Bahwa pholih atau Res Publica yang merupakan hal-hal yang menyangkut rakyat memungkin masyarakat atau warga negara, untuk bertindak atau ikut berpartisipasi dalam menarasikan wacana dan opini kearah visi pembangunan dan kesejahteraan. Ketimbang berkutat pada narasi kedaerahan suku dan agama. Pada titik ini pilkada sebagai arena Ruang Publik tidak hanya menentukan siapa yang nantinya terpilih tetapi juga melahirkan praktik kebudayaan yang menopang tiang demokrasi nantinya. Francis Fukuyama sendiri dalam bukunya The Great Disruption (1999). Demokrasi agar bisa berhasil membutuhkan dukungan budaya yang dimiliki bersama. Kebudayaan yang dimaksud adalah kebudayaan berdialektika untuk membangun wacana dan narasi yang bermutu, visioner dan membangun.
Ruang publik merupakan wahana tindakan yang memungkinkan perseteruan argumentasi terjadi dalam kondisi kesetaraan. Habermas menggambarkan bahwa ruang ini meliputi infrastruktur nyata dan norma-norma yang mendukung dan memungkinkan kritik-kritik politik diperbincangkan. Di mana panduannya adalah argumentasi rasional dan diskusi kritis yang menjadikan kekuatan argumen menjadi lebih penting dibandingkan dengan identitas, agama suku ras, dan kedaerahan.

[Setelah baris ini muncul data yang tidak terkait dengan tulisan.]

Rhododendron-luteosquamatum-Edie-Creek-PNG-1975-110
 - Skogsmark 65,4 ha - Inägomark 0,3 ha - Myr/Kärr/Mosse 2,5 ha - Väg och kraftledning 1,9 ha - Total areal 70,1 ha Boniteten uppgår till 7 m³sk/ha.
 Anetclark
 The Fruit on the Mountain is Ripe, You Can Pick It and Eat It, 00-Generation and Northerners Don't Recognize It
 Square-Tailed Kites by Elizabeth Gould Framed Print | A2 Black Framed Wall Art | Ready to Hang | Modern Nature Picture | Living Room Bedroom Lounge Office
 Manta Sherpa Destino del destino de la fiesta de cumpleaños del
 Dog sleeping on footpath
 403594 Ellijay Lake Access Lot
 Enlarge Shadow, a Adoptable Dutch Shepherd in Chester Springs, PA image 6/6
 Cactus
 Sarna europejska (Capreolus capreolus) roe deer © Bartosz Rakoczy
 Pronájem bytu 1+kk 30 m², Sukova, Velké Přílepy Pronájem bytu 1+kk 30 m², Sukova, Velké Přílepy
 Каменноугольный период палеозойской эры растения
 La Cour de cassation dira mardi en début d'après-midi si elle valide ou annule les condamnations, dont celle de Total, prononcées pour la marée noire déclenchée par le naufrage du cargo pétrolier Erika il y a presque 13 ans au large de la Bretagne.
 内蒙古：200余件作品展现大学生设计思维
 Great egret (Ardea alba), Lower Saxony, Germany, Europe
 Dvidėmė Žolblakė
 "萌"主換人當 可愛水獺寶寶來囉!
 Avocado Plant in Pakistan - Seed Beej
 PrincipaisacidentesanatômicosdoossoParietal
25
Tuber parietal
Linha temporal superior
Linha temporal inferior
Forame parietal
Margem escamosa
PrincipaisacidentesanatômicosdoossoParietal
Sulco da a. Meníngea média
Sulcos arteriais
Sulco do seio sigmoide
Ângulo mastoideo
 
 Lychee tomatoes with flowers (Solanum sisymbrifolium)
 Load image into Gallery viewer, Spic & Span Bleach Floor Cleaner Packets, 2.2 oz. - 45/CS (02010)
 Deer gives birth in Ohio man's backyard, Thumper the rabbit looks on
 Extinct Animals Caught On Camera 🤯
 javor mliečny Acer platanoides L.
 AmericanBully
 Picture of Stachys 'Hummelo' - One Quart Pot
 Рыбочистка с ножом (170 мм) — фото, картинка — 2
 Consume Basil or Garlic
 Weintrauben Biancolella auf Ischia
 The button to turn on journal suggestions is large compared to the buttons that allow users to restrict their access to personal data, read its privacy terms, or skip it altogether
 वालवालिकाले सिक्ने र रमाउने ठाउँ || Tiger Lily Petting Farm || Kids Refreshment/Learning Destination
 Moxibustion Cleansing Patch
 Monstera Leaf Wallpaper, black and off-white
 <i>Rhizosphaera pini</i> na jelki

Selain itu Pemerintah daerah yang terpilih nantinya melalui pilkada bisa saja akan merumuskan bahkan menetapkan kebijakan, berdasarkan wacana dan narasi dominan.Untuk itu, menjadi sangat penting masyarakat sedari awal hadir untuk memproduksi wacana, narasi dan ide yang lebih produktif ke arah kesejahteraan dan keadilan.
Mungkin ini juga yang menjadi alasan mengapa Shakespeare menulis “Love looks not with the eyes, but with the mind” untuk mengajak kita memilih melalui pemikiran rasional. Sebab sedari awal cinta memang buta dan karena itu ia tidak memiliki mata.